A commander chez Malavida 6 rue Houdon 75018 PARIS









 En 1962, le jeudi suivant cette mémorable projection, j'ai voulu reproduire à l'identique ce que j'avais vu. Je me suis affairé dans ma chambre. Pour réaliser mon rêve il m’a fallu me procurer une boite en carton suffisamment grand pour pouvoir y glisser la tête et les épaules, trois boites à chaussures, du papier translucide, du papier d’aluminium, deux tendeurs, un tuyau rigide d’aspirateur et son flexible, un ceinturon, du gros ruban adhésif, des ciseaux, de la colle, un marqueur, une assiette à dessert, un foulard turquoise piqué à ma mère, des gants de manutention, une lampe torche, une paire de grosses chaussettes montantes en laine à mon père, un tournevis et le couteau à pain. Ce n'était pas rien.

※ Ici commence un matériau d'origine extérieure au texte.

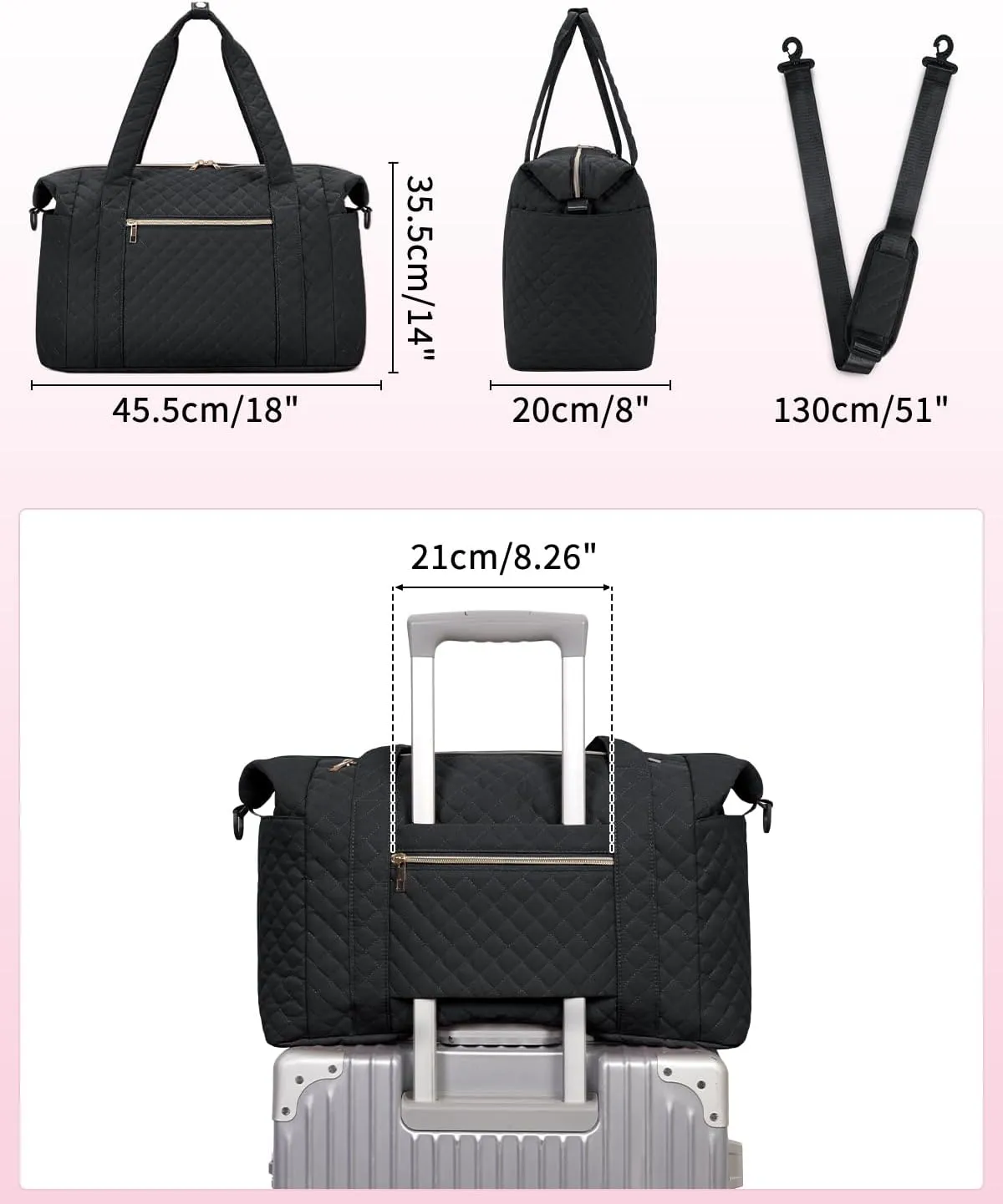 Ceneda Travel Duffel for Spirit Airlines Personal Item - 18x14x8 Under Seat Weekender Overnight Bag with Wet Pocket & Shoe Bag Carry On Luggage (Black)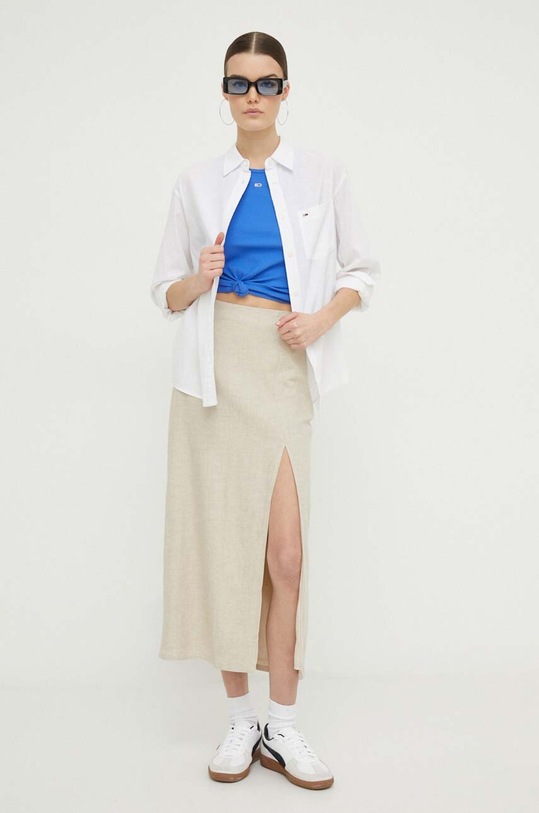 Košile s příměsí lnu Tommy Jeans DW0DW17735 bílá SS24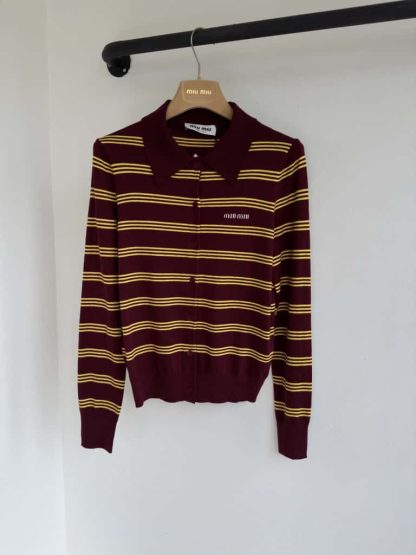 Replica Miu Miu Striped cashmere and silk cardigan 2025 #6048 - Image 2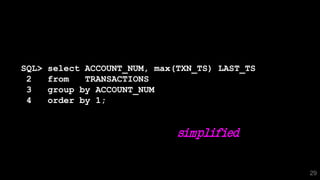 29
SQL> select ACCOUNT_NUM, max(TXN_TS) LAST_TS
2 from TRANSACTIONS
3 group by ACCOUNT_NUM
4 order by 1;
simplified
 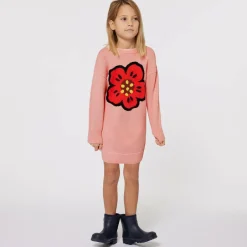 KENZO KIDS Girls Pink Cotton Knit Boke Flower Dress
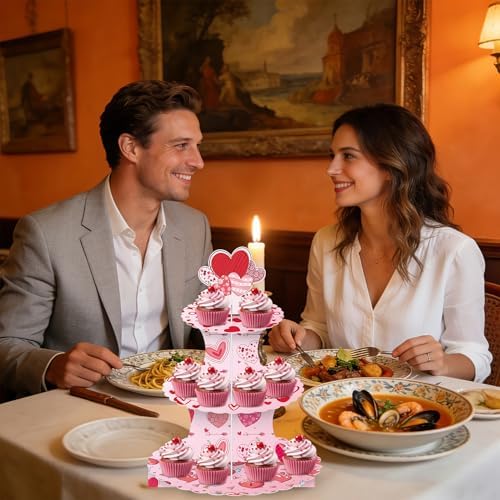 Valentine's Day Cupcake Stand Decoration, 3 Tier Hearts Candy Cupcake Stand DIY Cake Stand Holder Tower Cardboard Dessert Serving Cookie Tray Holder for Valentine Wedding Anniversary Party Supplies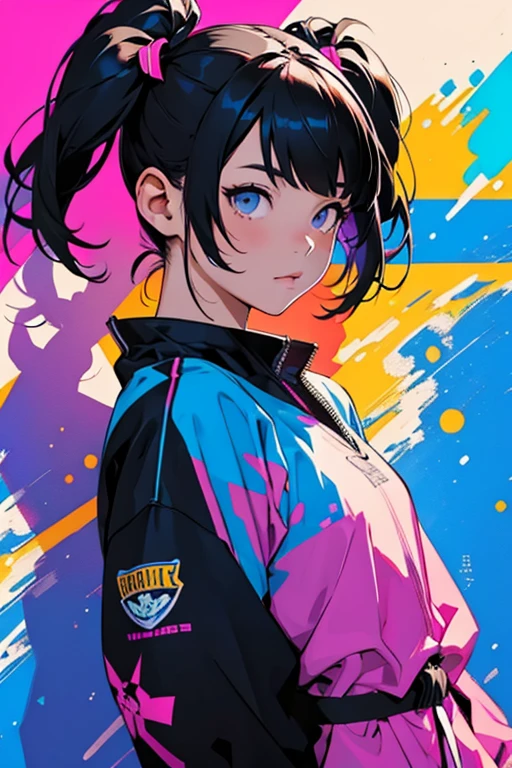Partner、Twin tails, Vibrant colors, Bold brushstrokes, High contrast shadows. In the foreground, universe、whole body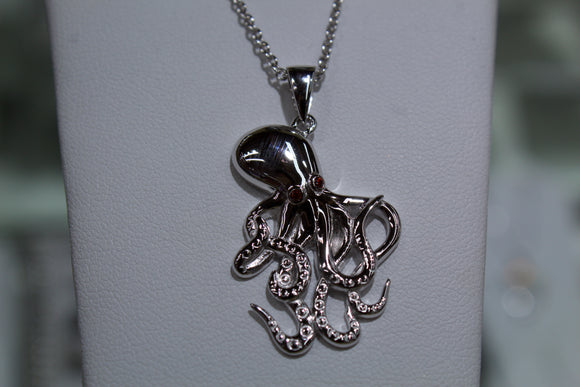Sterling Silver Octopus Charm With Red Zircon Eyes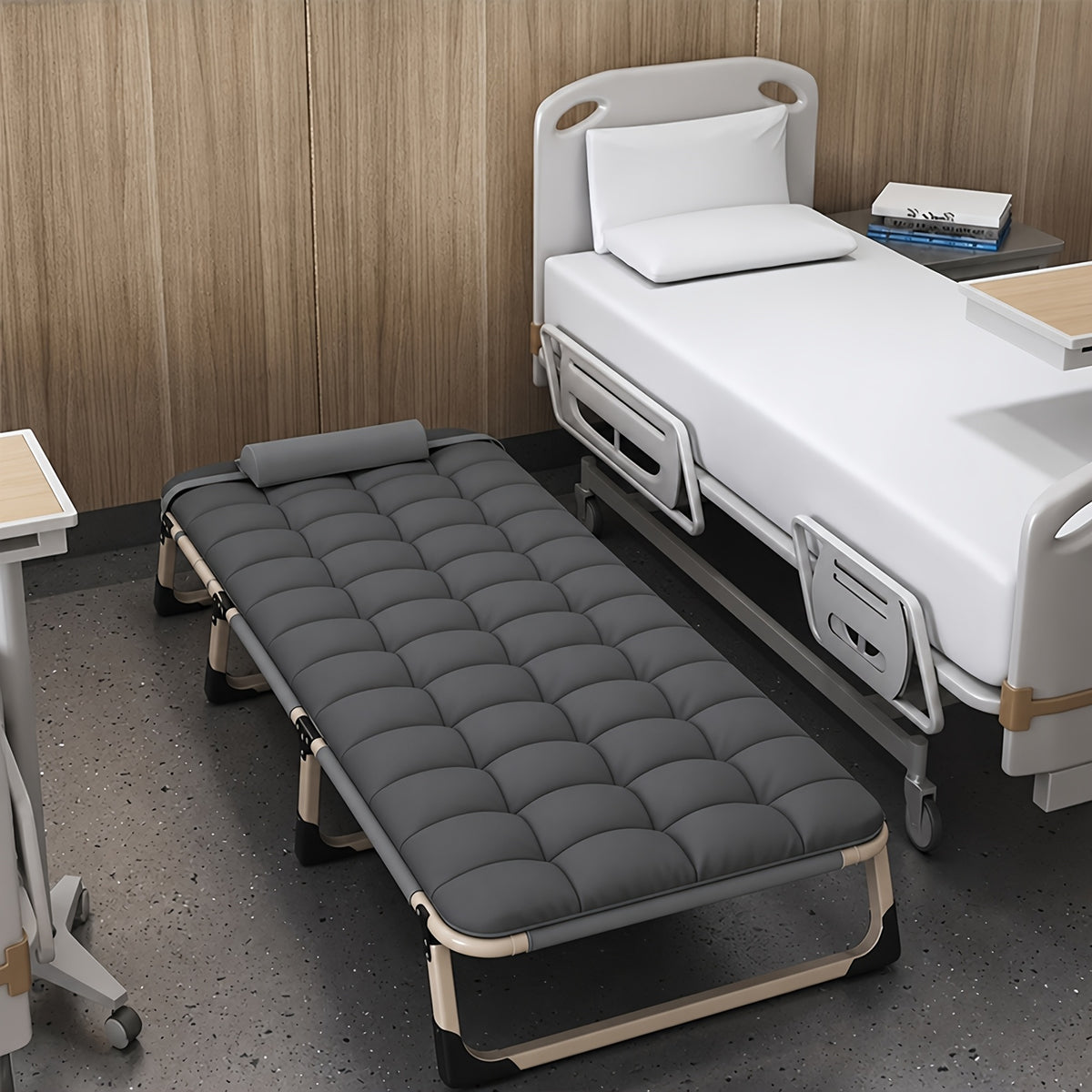 Foldable Bed Frame with Mattress | Stainless Steel Frame, Adjustable Headboard, No Assembly Required – Guest Room & Small Space Folding Bed, Retro Modern Style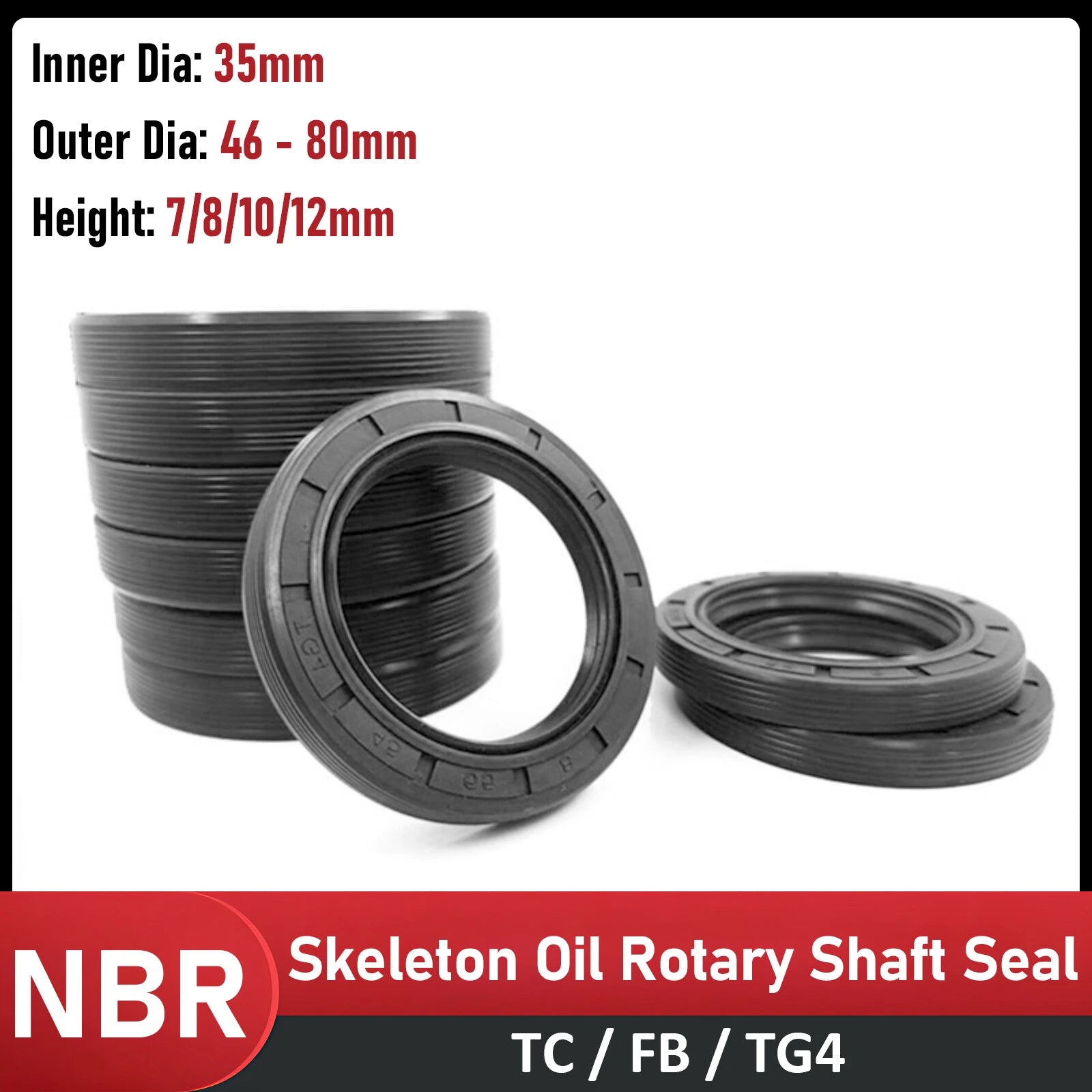 TC Oil Seal 35mm ID Nitrile Double Lip Rotary Shaft Seal | NBR 70 | Multiple Sizes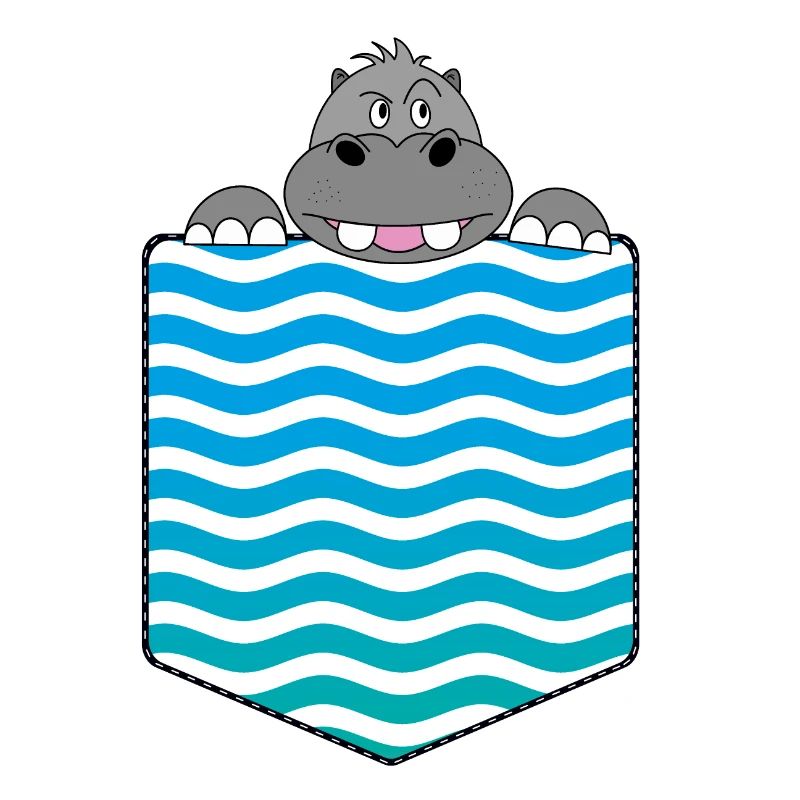Brusttasche Hippo Flusspferd Nilpferd Geschenk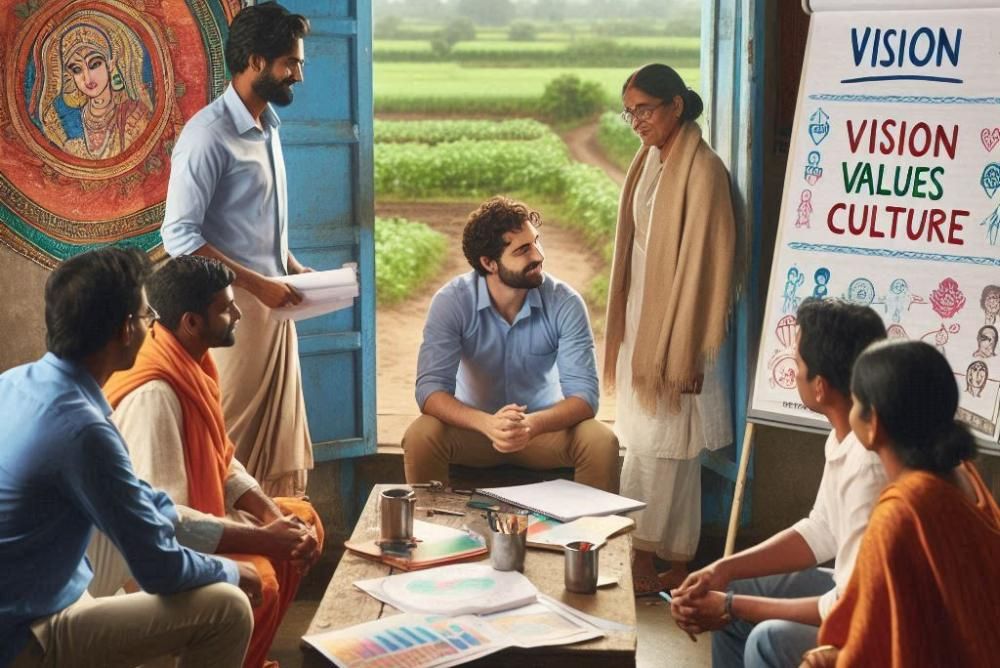 A team of people working together and a facilitator standing with a black board where Vision,  Values and Culture are written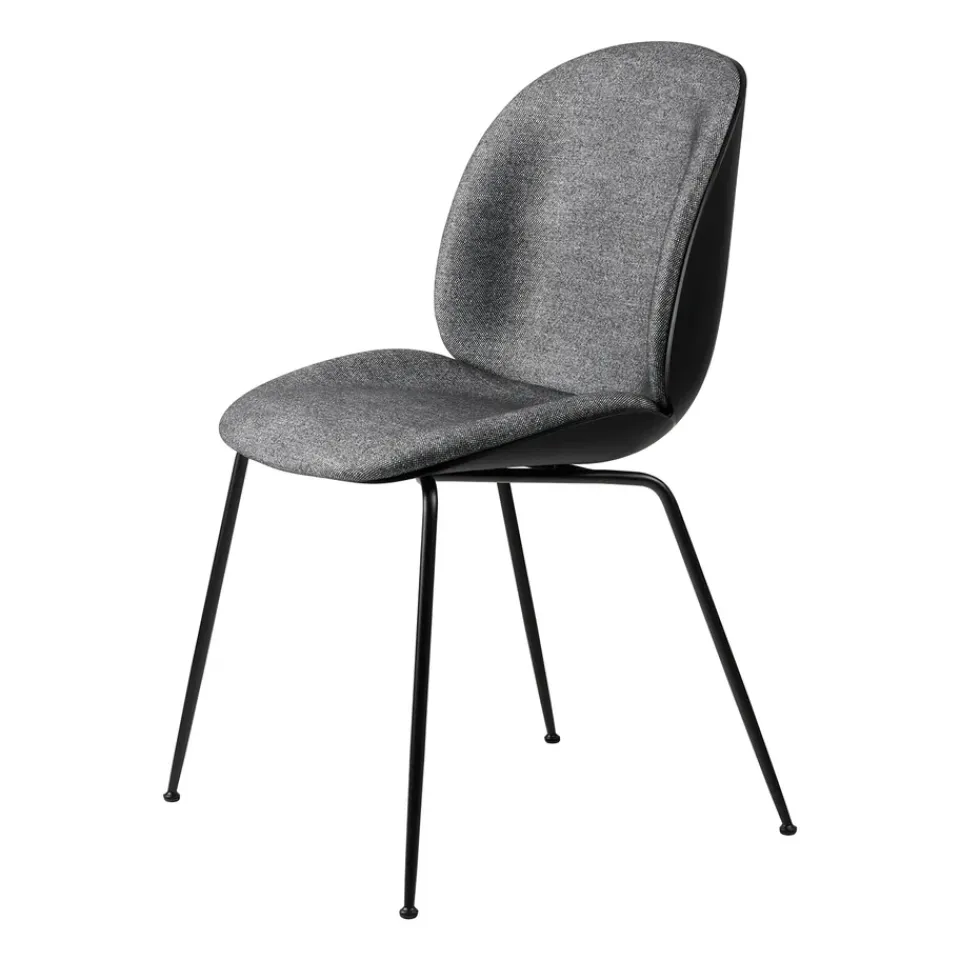 Silla Beetle con patas delanteras tapizadas en negro, Plain 0023-black*GUBI Online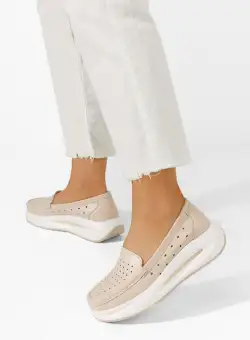 Mocasini cu talpa groasa Laurea bej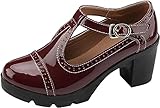  DADAWEN Damen T-Strap Plateau Blockabsatz Schuhe Mary Jane Oxfords Kleid Schuhe, Rot, 38 EU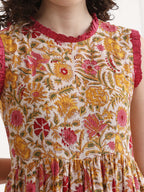 Women Floral Print Fit & Flare Midi Dress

  Mon père au boulot et ma mère à papoter chez une voisine j’étais tranquille. Personne donc pour contrecarrer mes plans. Munis de tout mon matos je me mis travail. Tout d’abord je pris soin de préparer mon pick-up avec l’exemplaire souple de la "Chevauchée des Walkyries» adressé gratuitement à mes parents avec l’offre promotionnelle d’acquisition de la collection complète de l’œuvre de Wagner chez Deutsche-Grammophon.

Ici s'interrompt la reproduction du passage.